__ACTIVITY__: Report each line of the entries that includes "near" by copying it.

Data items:
━━━

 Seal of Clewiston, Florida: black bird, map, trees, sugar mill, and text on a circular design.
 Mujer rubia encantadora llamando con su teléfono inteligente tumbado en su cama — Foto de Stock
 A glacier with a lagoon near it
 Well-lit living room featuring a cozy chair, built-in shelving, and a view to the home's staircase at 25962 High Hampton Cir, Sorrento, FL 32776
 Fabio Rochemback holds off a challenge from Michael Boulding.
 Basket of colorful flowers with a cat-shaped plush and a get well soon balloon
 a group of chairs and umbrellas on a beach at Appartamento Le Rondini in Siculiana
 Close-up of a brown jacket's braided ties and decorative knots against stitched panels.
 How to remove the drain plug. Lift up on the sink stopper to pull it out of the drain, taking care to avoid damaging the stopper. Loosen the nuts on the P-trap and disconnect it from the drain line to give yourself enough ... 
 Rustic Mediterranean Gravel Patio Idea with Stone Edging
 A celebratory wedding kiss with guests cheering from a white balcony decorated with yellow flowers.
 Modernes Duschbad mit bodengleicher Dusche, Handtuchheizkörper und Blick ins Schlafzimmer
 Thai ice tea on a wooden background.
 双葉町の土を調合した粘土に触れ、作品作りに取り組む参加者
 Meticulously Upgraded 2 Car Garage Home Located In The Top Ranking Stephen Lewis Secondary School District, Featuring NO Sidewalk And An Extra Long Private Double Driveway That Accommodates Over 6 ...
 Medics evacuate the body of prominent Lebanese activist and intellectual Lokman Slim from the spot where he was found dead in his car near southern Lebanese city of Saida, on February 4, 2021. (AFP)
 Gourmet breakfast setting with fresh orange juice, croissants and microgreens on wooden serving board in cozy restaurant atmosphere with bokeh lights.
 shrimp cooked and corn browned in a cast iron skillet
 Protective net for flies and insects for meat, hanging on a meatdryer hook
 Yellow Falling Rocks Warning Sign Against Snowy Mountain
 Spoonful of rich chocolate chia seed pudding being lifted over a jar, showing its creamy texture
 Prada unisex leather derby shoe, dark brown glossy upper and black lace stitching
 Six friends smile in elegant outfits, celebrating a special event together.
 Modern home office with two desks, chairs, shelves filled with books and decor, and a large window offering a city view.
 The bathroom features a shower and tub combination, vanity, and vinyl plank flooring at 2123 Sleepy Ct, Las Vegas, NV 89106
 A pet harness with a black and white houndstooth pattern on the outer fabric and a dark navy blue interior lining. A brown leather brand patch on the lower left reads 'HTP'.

━━━

__TASK RESULT__:
 A glacier with a lagoon near it
 Medics evacuate the body of prominent Lebanese activist and intellectual Lokman Slim from the spot where he was found dead in his car near southern Lebanese city of Saida, on February 4, 2021. (AFP)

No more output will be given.